WHAT YOU HAVE TO DO » Your copy starts at the line containing "Audi A4 B9 W8" and ends at the last line of the material below. Reproduce those lines exactly, with no pictures.
Start of DATA SECTION
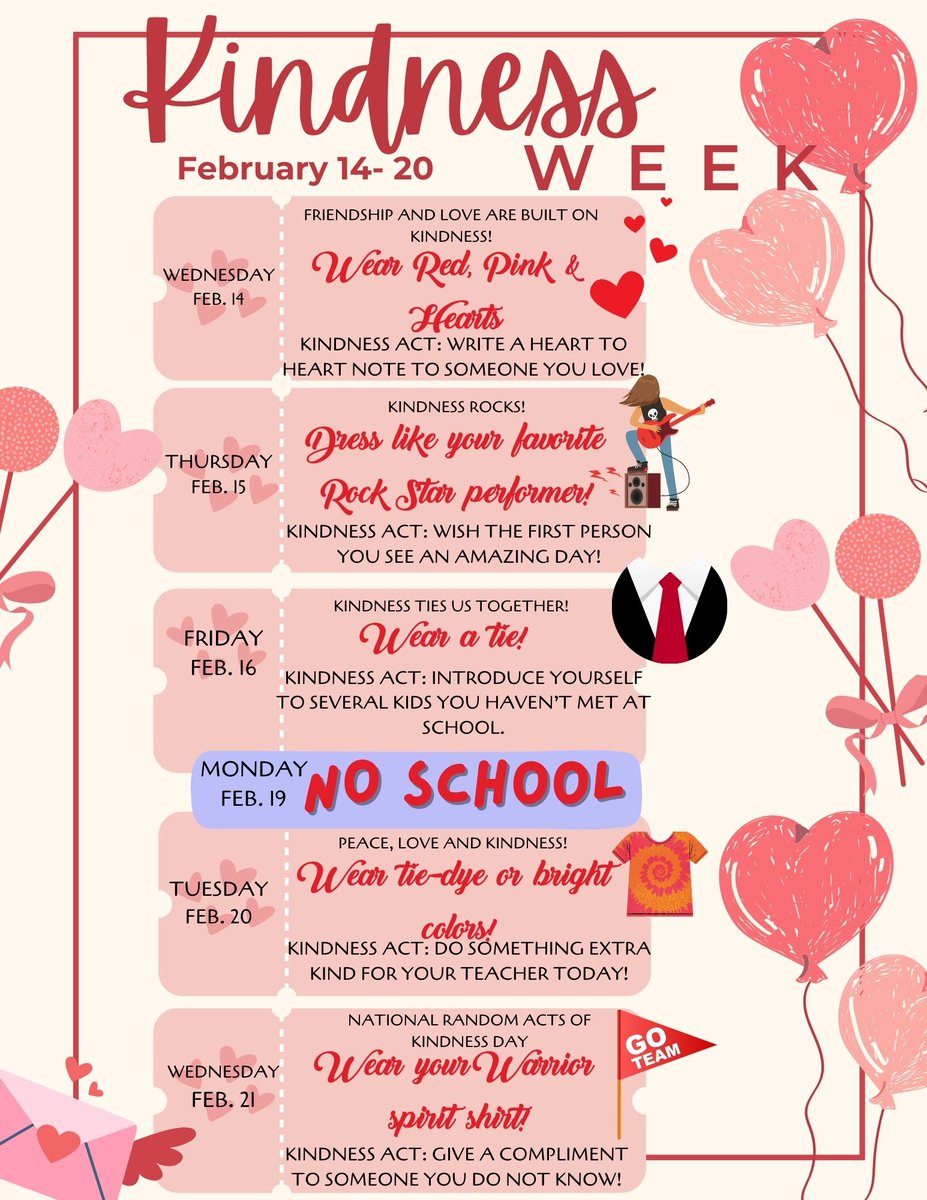 warriors112's tweet photo. Help us celebrate Kindness Week starting Wednesday, Feb. 14! @Erikardz11G @Karime_Flores7 https://t.co/ghMZ0zHtDS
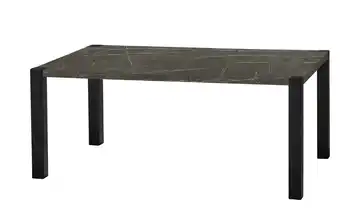 Primo Esstisch Sandwich Marmoroptik, Grau 4-Fußgestell (seitl.montiert) Metall 160 cm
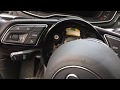 Audi A4 B9 W8 ACC GRA poduszka powietrzna, kierownica. Airbag, driving wheel. Ausbau des Lenkrads.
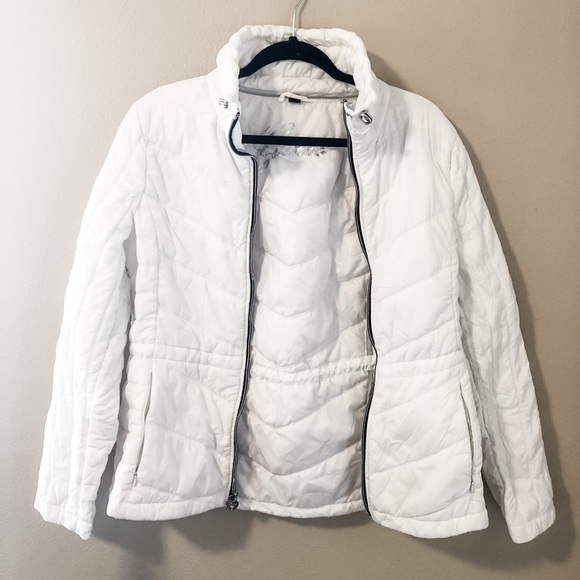 Guess Jackets & Coats Guess White Puffer Coat Poshmark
End of DATA SECTION
EXERCISE RESULT »
 Audi A4 B9 W8 ACC GRA poduszka powietrzna, kierownica. Airbag, driving wheel. Ausbau des Lenkrads.
 Guess Jackets & Coats Guess White Puffer Coat Poshmark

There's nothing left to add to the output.